**Prompt:**
Each record that follows goes into your reply unchanged; the pictures do not.

**Material supplied:**
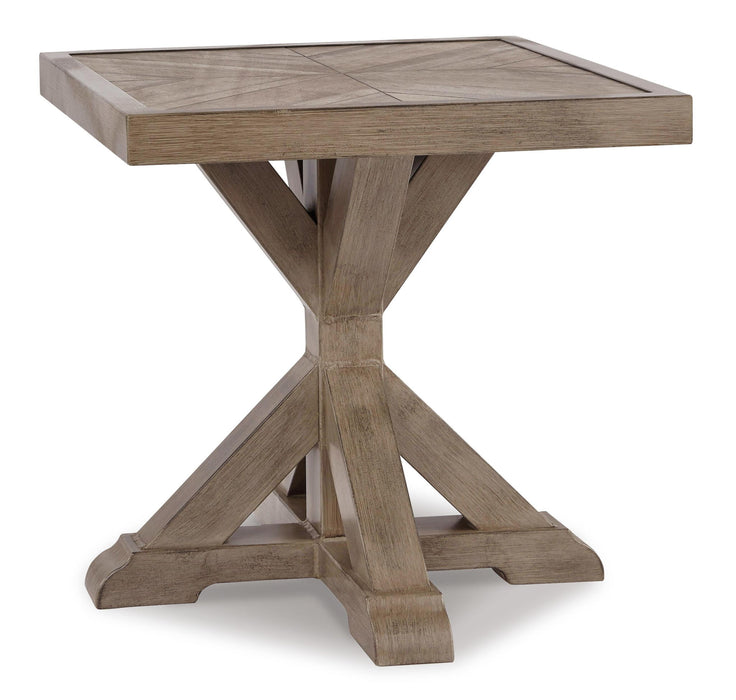 Beachcroft - Square End Table - Beige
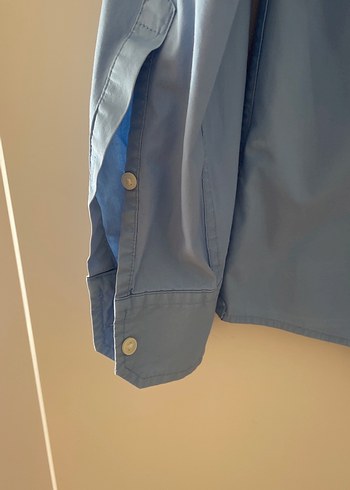 Mavi, Düğmeli Uzun Kollu GAP Gömlek - Görsel 4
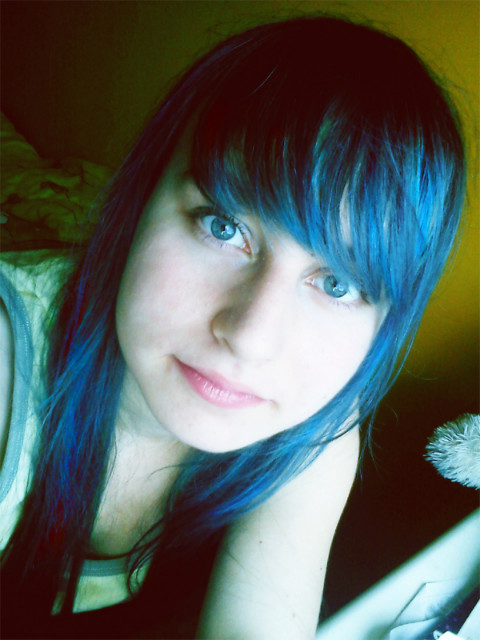 niebieskie wosy :D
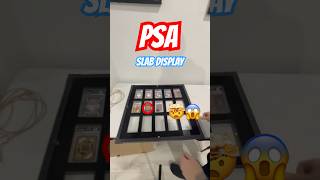 Unboxing the new PSA Slab Display for the collection card psa collectiblecards tcgcards fyp [upl. by Atipul437]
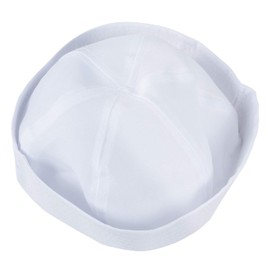 Funny Party Hats Yacht Captain Hat – Sailor Cap, Skipper Adjustable Navy Marine Hat - Costume Accessories (White)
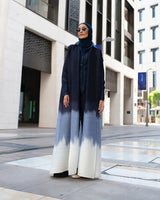 Die „Royal Archive“ Vintage Print Abaya | Offener Cardigan & Dubai Luxus Robe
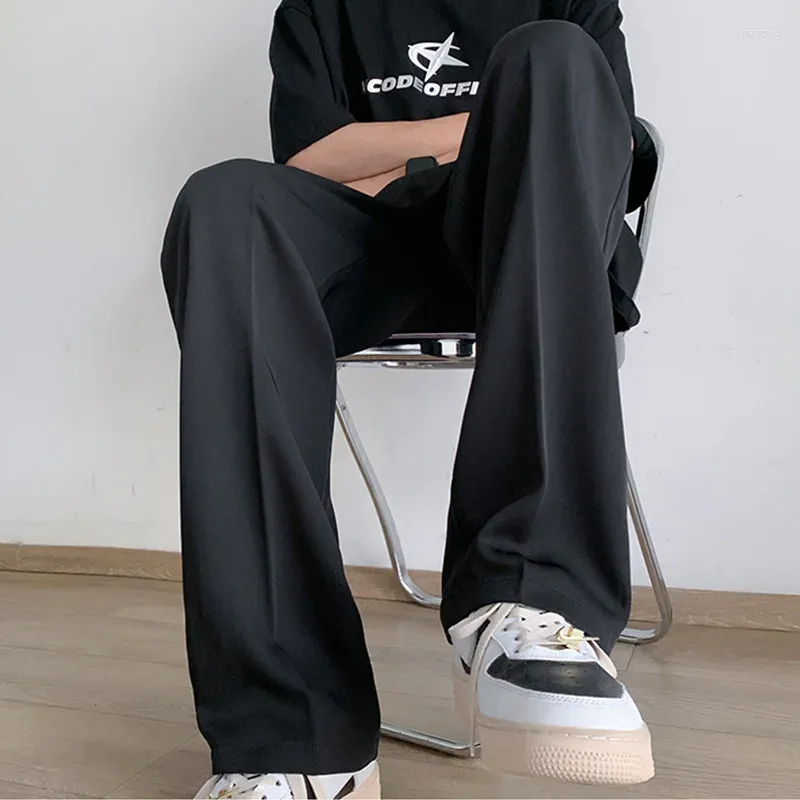 Herrenhose Streetwear Model Mode Hosen Lang lässig 2024 koreanisches Büro Drawess tragen Anzug männlicher Blazer A50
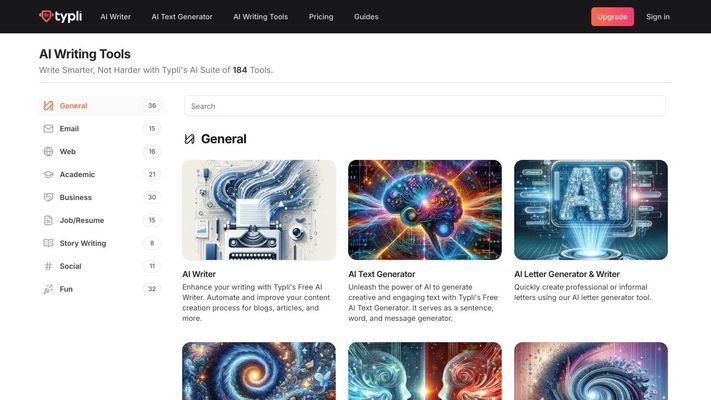 Typli.ai - AI Writing Tools with Superpowers.
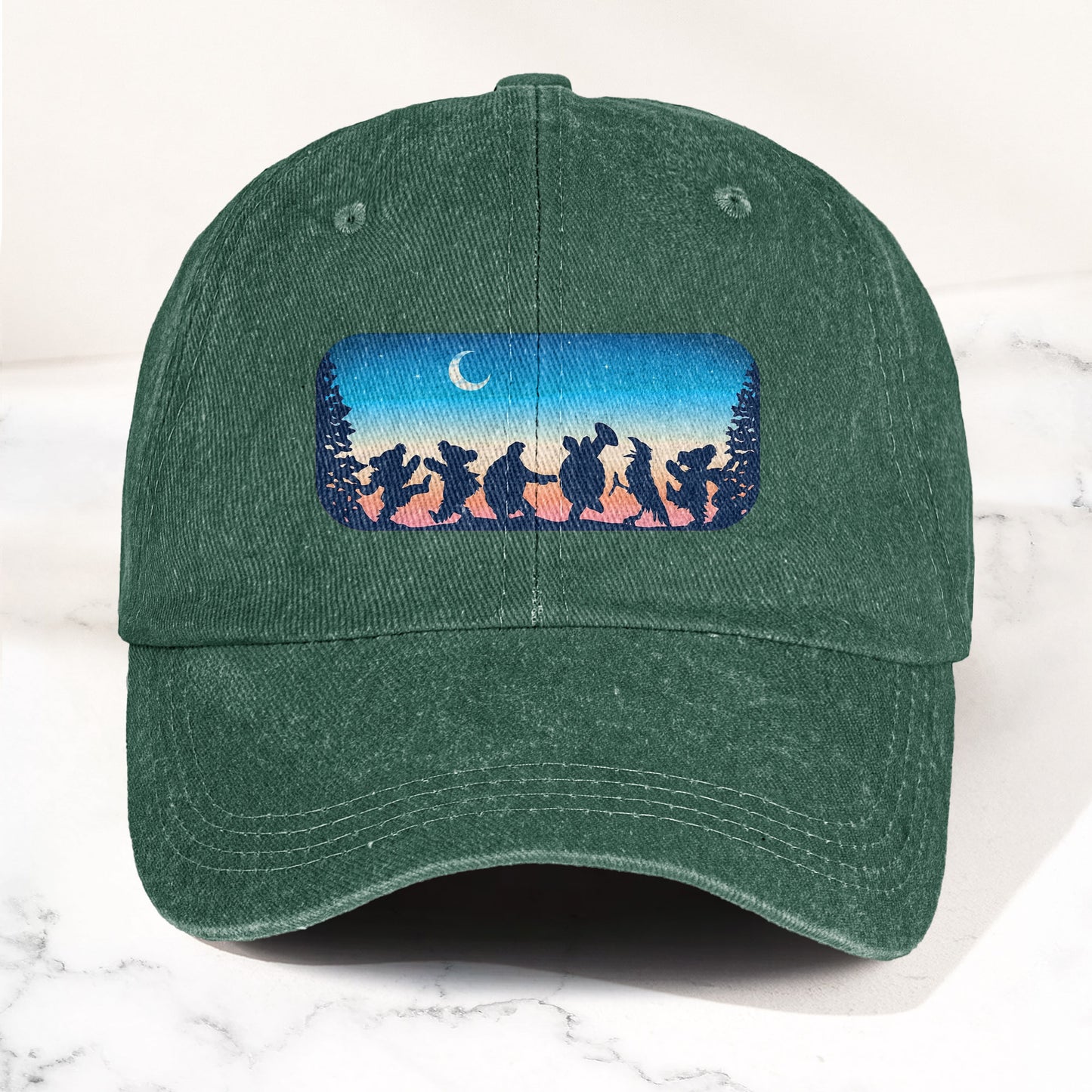 Grateful Dead Moondance Denim Cap – Vintage Music Grateful Dead Merch Gift for Dad (With Box)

**Answer section:**
 Beachcroft - Square End Table - Beige
 Mavi, Düğmeli Uzun Kollu GAP Gömlek - Görsel 4
 niebieskie wosy :D
 Unboxing the new PSA Slab Display for the collection card psa collectiblecards tcgcards fyp [upl. by Atipul437]
 Funny Party Hats Yacht Captain Hat – Sailor Cap, Skipper Adjustable Navy Marine Hat - Costume Accessories (White)
 Die „Royal Archive“ Vintage Print Abaya | Offener Cardigan & Dubai Luxus Robe
 Herrenhose Streetwear Model Mode Hosen Lang lässig 2024 koreanisches Büro Drawess tragen Anzug männlicher Blazer A50
 Typli.ai - AI Writing Tools with Superpowers.
 Grateful Dead Moondance Denim Cap – Vintage Music Grateful Dead Merch Gift for Dad (With Box)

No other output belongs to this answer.